▶ _Source information_

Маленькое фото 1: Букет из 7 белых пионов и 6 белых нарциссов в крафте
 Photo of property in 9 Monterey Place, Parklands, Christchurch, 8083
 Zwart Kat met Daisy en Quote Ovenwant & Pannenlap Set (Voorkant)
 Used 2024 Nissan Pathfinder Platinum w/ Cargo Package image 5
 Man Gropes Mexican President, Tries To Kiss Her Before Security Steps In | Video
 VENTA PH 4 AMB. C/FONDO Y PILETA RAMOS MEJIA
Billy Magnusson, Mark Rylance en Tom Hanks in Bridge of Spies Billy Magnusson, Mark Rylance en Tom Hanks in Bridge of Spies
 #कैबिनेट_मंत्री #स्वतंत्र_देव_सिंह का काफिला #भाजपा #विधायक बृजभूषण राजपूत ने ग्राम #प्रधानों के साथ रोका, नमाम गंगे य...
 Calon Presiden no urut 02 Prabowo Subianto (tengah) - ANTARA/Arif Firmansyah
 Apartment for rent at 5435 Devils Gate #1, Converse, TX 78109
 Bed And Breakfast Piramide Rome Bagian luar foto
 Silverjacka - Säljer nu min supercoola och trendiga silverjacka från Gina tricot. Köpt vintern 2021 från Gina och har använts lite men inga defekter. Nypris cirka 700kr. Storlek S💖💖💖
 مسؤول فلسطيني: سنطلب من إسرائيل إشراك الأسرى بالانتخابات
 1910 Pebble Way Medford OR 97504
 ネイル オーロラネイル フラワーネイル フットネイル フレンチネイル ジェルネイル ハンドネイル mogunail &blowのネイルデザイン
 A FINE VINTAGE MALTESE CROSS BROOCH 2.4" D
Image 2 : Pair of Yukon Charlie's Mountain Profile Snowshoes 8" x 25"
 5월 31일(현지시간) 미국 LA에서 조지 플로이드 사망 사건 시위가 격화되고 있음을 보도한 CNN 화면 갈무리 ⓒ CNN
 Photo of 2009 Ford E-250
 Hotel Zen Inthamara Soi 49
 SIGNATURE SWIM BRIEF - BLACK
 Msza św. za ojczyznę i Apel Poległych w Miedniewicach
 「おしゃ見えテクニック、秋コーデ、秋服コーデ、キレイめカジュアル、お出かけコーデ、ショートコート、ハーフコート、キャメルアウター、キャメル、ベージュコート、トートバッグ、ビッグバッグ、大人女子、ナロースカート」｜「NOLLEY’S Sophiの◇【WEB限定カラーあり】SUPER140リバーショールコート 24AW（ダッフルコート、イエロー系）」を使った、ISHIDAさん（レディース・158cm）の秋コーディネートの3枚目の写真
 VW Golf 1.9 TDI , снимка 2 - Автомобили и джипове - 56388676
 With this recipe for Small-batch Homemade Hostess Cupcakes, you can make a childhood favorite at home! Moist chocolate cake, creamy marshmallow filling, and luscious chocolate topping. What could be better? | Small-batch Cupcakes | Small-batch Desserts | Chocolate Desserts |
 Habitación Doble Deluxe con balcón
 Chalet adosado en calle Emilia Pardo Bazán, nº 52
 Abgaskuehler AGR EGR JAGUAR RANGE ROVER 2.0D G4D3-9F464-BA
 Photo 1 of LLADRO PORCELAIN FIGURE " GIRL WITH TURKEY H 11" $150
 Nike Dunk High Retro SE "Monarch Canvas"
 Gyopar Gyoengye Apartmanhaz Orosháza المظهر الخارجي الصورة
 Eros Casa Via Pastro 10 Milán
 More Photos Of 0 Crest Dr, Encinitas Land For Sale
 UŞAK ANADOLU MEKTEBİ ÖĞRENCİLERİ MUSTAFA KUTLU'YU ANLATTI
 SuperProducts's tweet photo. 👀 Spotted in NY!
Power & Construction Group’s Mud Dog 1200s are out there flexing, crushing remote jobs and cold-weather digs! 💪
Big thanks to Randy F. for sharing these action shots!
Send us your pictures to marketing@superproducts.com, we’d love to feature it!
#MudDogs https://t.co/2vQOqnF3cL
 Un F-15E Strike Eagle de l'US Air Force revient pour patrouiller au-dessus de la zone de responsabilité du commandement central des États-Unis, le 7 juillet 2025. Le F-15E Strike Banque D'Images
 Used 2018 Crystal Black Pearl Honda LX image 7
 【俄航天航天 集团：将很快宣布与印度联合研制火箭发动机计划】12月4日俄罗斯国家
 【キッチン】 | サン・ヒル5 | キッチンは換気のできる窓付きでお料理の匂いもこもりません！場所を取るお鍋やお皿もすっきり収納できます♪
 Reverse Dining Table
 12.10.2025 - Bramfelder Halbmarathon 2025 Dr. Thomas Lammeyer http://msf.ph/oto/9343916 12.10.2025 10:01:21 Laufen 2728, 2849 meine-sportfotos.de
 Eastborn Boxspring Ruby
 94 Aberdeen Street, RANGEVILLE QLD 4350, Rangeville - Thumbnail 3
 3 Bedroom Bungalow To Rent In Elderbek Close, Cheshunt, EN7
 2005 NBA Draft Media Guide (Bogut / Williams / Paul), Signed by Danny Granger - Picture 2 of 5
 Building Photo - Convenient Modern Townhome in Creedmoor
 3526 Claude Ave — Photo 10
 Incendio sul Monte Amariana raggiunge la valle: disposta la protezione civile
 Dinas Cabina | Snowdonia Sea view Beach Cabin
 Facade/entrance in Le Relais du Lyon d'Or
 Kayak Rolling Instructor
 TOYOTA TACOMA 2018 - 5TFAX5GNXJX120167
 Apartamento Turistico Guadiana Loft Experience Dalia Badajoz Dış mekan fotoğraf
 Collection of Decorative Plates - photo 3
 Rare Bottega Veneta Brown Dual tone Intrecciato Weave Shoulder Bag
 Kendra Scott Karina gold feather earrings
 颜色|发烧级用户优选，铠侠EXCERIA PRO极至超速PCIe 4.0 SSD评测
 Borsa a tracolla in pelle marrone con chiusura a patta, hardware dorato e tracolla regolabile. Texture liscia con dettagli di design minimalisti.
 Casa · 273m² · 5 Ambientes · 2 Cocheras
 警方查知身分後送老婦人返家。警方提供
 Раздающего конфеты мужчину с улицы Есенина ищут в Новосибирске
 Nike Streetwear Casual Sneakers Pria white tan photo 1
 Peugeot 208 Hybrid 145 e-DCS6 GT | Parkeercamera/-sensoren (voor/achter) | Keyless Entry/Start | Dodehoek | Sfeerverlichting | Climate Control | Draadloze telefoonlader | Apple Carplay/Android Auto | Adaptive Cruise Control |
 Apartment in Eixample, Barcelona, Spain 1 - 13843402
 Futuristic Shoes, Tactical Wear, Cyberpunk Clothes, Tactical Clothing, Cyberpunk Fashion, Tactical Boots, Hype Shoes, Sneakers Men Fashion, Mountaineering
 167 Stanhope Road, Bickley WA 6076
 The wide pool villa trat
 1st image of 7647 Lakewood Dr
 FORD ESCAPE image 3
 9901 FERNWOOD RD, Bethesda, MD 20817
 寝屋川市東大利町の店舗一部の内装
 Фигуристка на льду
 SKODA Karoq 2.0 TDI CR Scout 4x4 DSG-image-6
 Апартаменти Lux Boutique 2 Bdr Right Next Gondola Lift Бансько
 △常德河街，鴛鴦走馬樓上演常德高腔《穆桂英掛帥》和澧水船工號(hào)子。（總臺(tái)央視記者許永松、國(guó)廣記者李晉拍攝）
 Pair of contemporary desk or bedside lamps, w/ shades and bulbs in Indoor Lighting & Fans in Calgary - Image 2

▶ _Goal of the exercise_
Transcribe, exactly as written, all lines of the entries above from the first to the one containing "Bed And Breakfast", and no more.

▶ _Expected answer_
Маленькое фото 1: Букет из 7 белых пионов и 6 белых нарциссов в крафте
 Photo of property in 9 Monterey Place, Parklands, Christchurch, 8083
 Zwart Kat met Daisy en Quote Ovenwant & Pannenlap Set (Voorkant)
 Used 2024 Nissan Pathfinder Platinum w/ Cargo Package image 5
 Man Gropes Mexican President, Tries To Kiss Her Before Security Steps In | Video
 VENTA PH 4 AMB. C/FONDO Y PILETA RAMOS MEJIA
Billy Magnusson, Mark Rylance en Tom Hanks in Bridge of Spies Billy Magnusson, Mark Rylance en Tom Hanks in Bridge of Spies
 #कैबिनेट_मंत्री #स्वतंत्र_देव_सिंह का काफिला #भाजपा #विधायक बृजभूषण राजपूत ने ग्राम #प्रधानों के साथ रोका, नमाम गंगे य...
 Calon Presiden no urut 02 Prabowo Subianto (tengah) - ANTARA/Arif Firmansyah
 Apartment for rent at 5435 Devils Gate #1, Converse, TX 78109
 Bed And Breakfast Piramide Rome Bagian luar foto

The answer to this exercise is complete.